Going back is hard sometimes
It had been 32 years since I had walked the halls of Tullahoma High School. It was a short walk from my house, last Thursday night, to see my younger boy’s art, a blue crayon panting that was featured in the Tullahoma City School’s Fine Arts Night.
Going back is hard sometimes. Time has passed, and much has changed but there are still some places at my old school that lurk like ghosts haunting the modern upgrades to a school that dates back to at least the ‘60s.
There’s the steps by the gym where we would wait out the end of fourth period lunch to go back to Coach Albaugh’s Physical Science class, next to Mr. Perry’s Health class and Coach Dyer’s Auxiliary gym.
There’s the doors to the cafeteria, still sitting there the same as that day I was crushed by my crush. The grand foyer that seemed 20 feet high when I walked in as a freshman, petrified because I’d skipped orientation and hadn’t a clue what to do.

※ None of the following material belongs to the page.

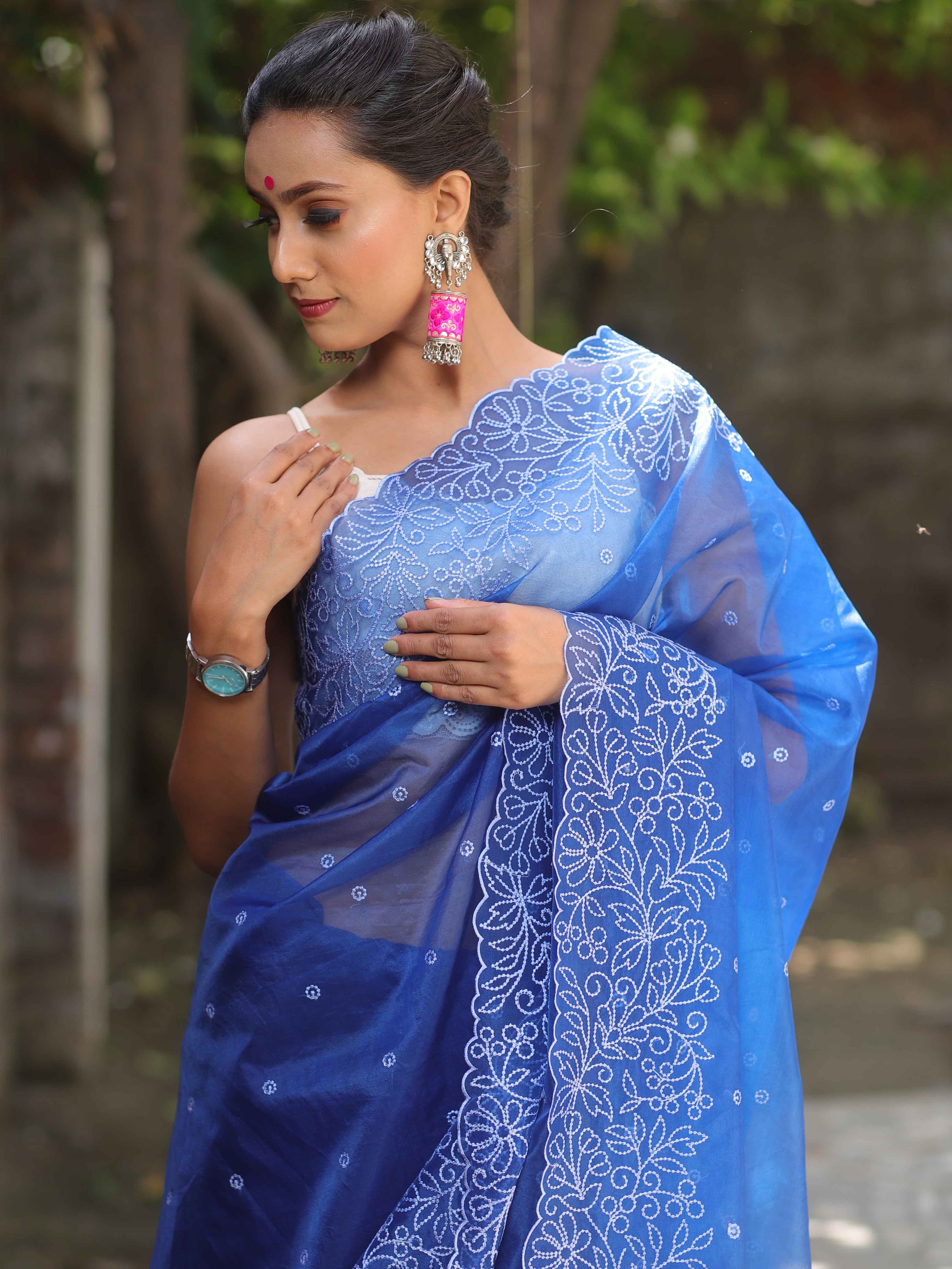 Banarasee Handwoven Organza Silk Floral Embroidered Saree-Royal Blue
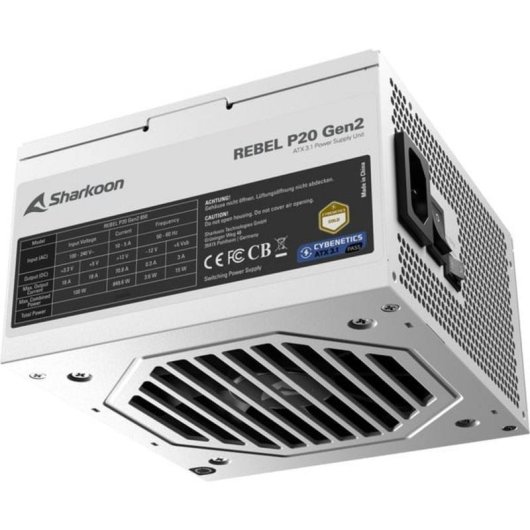 Alimentatore Sharkoon Rebel P20 Gen2 850W Cybenetics Gold modulare bianco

And the doors that lead out to the parking lot and freedom in the form of my crappy ‘81 Mustang that everyone I know wrecked but me.
I don’t remember walking out those doors on the last day of school in 1994. But I do recall that the Mustang had long since died and was by then replaced by an older, more crappy El Camino.
Those doors now have reflective anti-shooter film on them, and in them I see a reflection of a man that didn’t exist 32 years ago.
Oddly, I don’t think about regrets and what I would have told that 18-year-old boy about the future, rather I ponder — who was the boy that walked out those doors all those years ago? And who did he become?
As twilight blankets my walk back to the present, I reply: I’m a father, a writer, a painter and a dancer. I’m the creation of what 32 years has conspired to build out of me.